Automation of clinical coding from digital clinical text

Manchester icon Greater Manchester


Researchers Involved Prof Goran Nenadic, Prof Will Dixon, Dr George Demetriou
Partners Involved The University of Manchester, IMO, Salford Royal Foundation Trust
Start and end dates Oct 2016 – Jan 2018

Project Overview

Clinical coding across the NHS is not currently regulated and the primary benefit in the UK has traditionally been in research. This project aims to demonstrate the value of accurate clinical coding for patients, clinicians and the overall health system.

The National Health Service (NHS) keep electronic health records from birth to death with near complete records in primary care, which can be linked via an NHS Number to other records such as hospital admission/discharge diagnoses and lab results. UK hospitals, however, lag behind primary care in their use of clinical codes at the point of care but they are starting to roll out more advanced Electronic Health Record (EHR) systems.

Salford Royal Foundation Trust (SRFT) has an expansive database of clinical data and is largely paperless with over 15 years of digital records linked to primary healthcare. Read Codes; a coded thesaurus of clinical terms, from Salford residents’ primary care are routinely linked to other health coding systems from discharge diagnoses in the hospital. Although, SRFT is recognised as the UK’s most digitally mature hospital, coding in routine clinical practice however, is confined to a small group of enthusiasts. Consequently, the benefits of reusing EHR data are limited by inconsistent and patchy coding in the hospital.

In partnership with Intelligent Medical Objects (a US market leader in technologies for clinical coding) we aim to develop the coding of historical EHRs by mapping individual diagnosis descriptions to a standardised vocabulary to increase the clinical and scientific utility of EHR data.

What data are you using?

We will be using historical outpatient letters from Salford Royal Foundation Trust


What methods are you using to conduct this work? (How are you using the data?)

We will evaluate and compare two text-mining algorithms to code clinical intent about diagnoses from within semi-structured outpatient documents. Within the context of this project, these documents involve clinical letters from hospital specialists to general practitioners. The methodology will focus on comparing how clinical intent is captured from the source documents when mapped to SNOMED CT*, as well as how the reference codes associated with the clinical intent differ between methods.

*SNOMED CT is a structured clinical vocabulary for use in an electronic health record.


Who will/could benefit? (What will we know that we don’t already?)

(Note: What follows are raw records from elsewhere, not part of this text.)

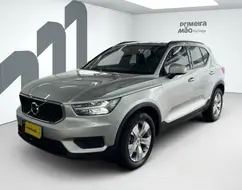 VOLVO XC40 2.0 T4 GASOLINA GEARTRONIC VOLVO XC40 2.0 T4 GASOLINA GEARTRONIC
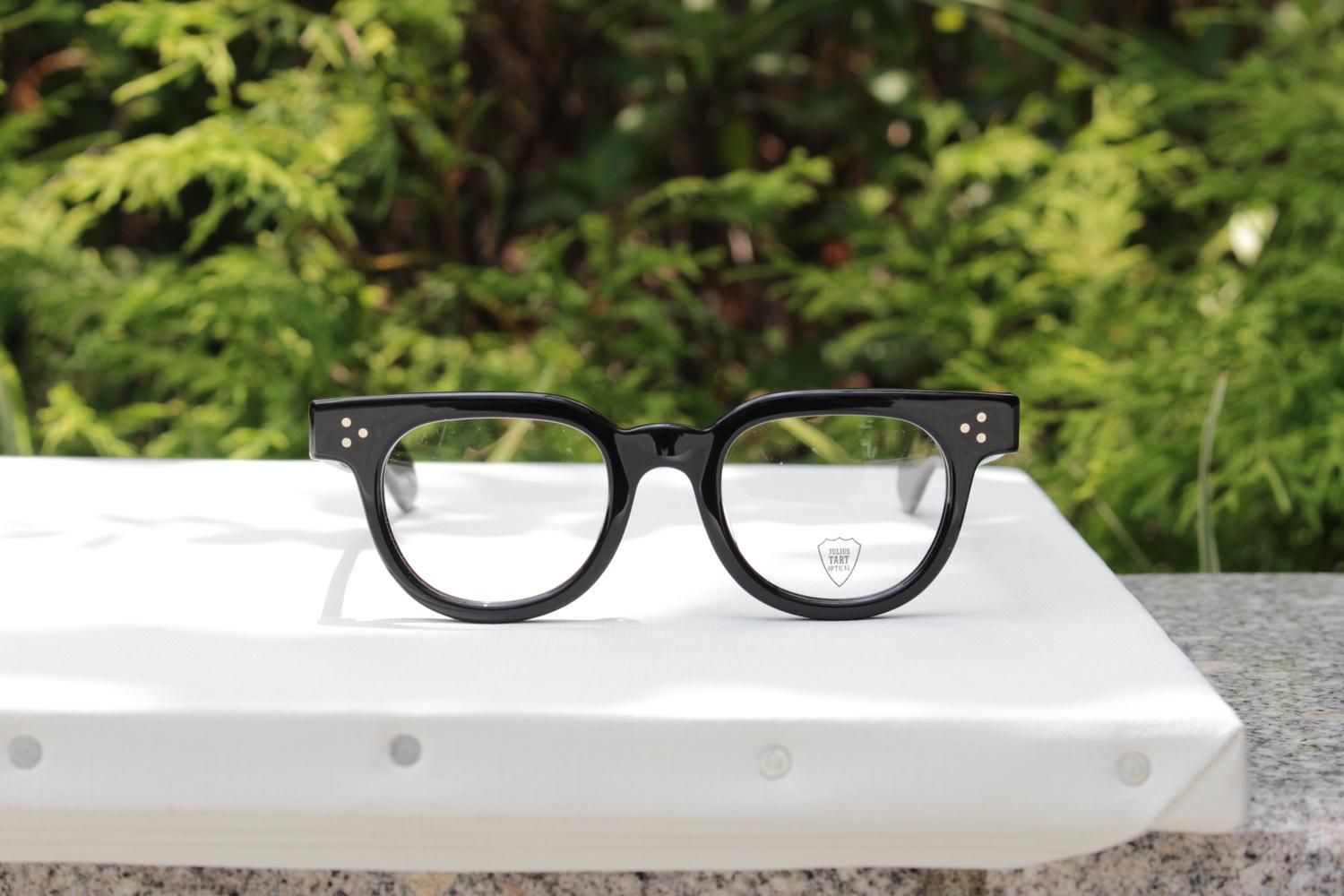 JULIUS TART OPTICAL ジュリアス タート オプティカル FDR col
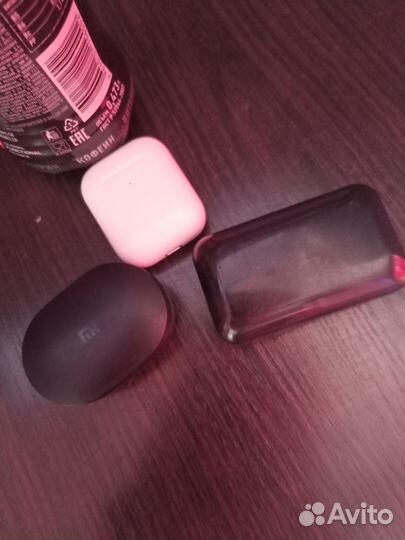 Беспроводные наушники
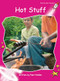 Hot Stuff - 9781927197608 by Pam Holden, 9781927197608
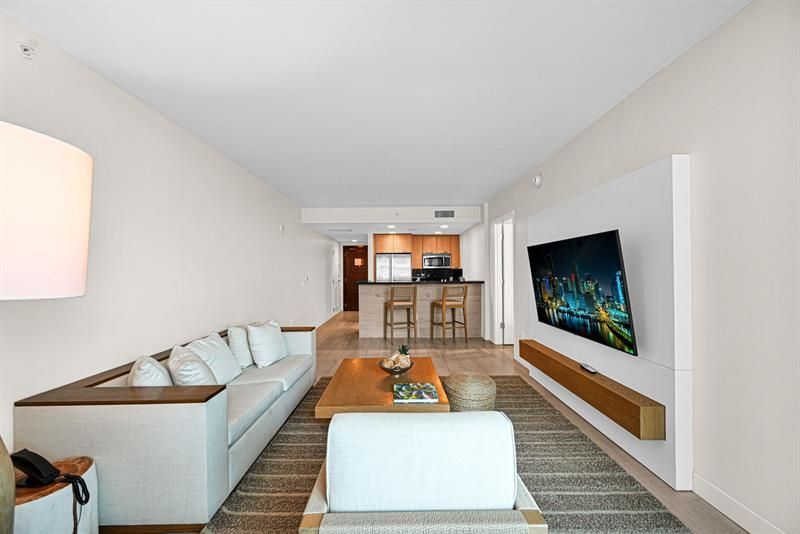 505 N Ft Lauderdale Bch Boulevard, Unit 713, Fort Lauderdale, FL 33304 Photo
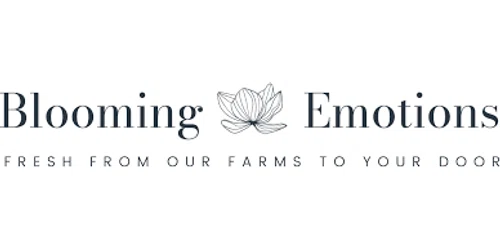 Blooming Emotions Promo Code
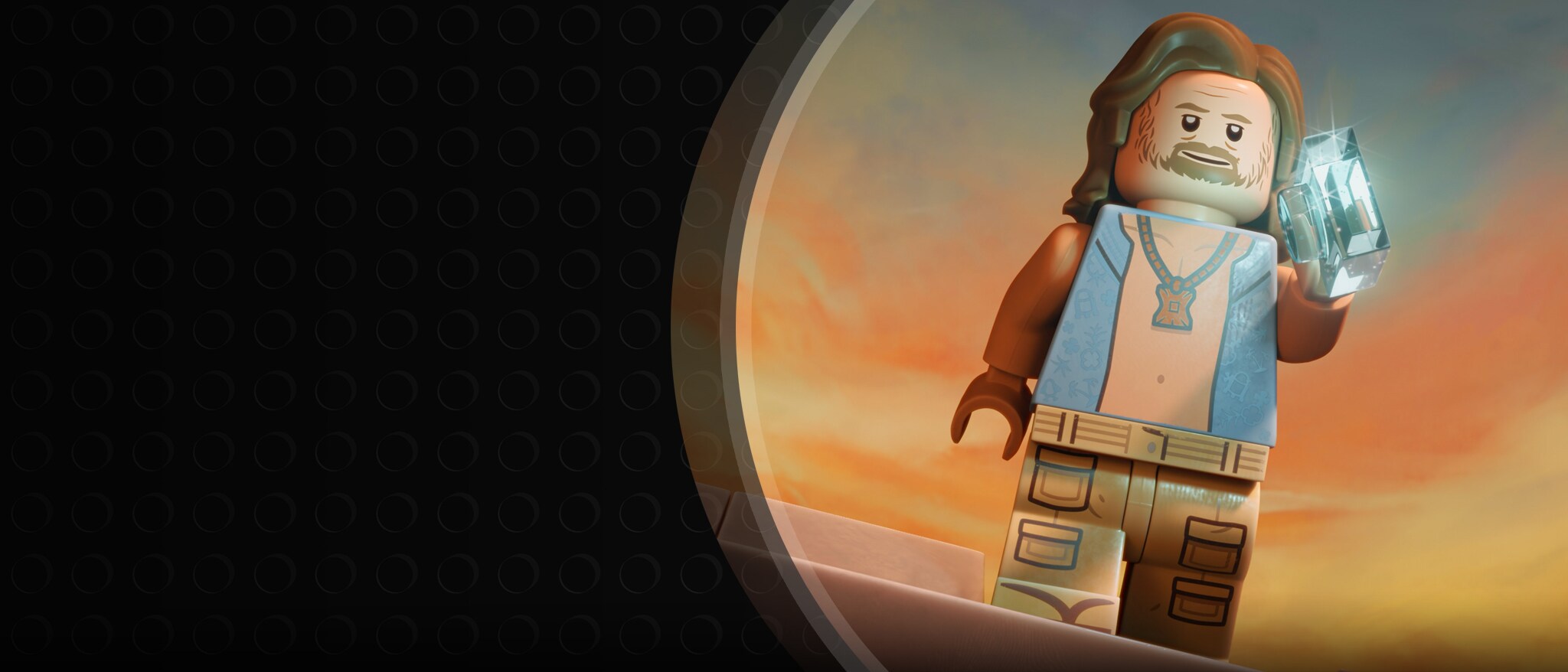 Meet the Cast and Creators Mixing Things Up with LEGO Star Wars: Rebuild the Galaxy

  • The clinical meaning of records will be more transparent, interactive and consistent. There will be better communication between care professionals and improved communication at the interface between primary and secondary care – meaning better opportunities for decision support.
  • Clinicians will gain easier access to historical information in records and coding will improve the efficiency of recording information in clinical practice.
  • The project will create potentially actionable information for quality improvement; and assistance of culture shift toward clinicians coding at the point of care.


What will be the intended outcome of your research project?

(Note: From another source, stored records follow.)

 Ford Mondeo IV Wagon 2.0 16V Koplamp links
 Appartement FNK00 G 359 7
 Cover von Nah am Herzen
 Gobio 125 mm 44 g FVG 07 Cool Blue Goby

  • To increase the coding of health issues within the clinical record to demonstrate to clinicians the advantages of well coded patient records.
  • Deeper digital phenotyping for clinical epidemiology;
  • Population-based model that enables health systems to learn from structured data in order 
to adapt their clinical workflows;
  • Increase the coding of health issues within the clinical record, enabling demonstration to clinicians of the advantages of having a well-coded patient record (i.e. the clinical benefits rather than the research benefits).


Are there any early findings or indications you can report? Are there any publications?

Guidelines for annotation of clinical texts have been designed and the annotators have had preliminary training. An initial set of clinical texts have been annotated by 2 pairs of coders, one pair using SNOMED CT and the other pair using IMO Anywhere as coding system.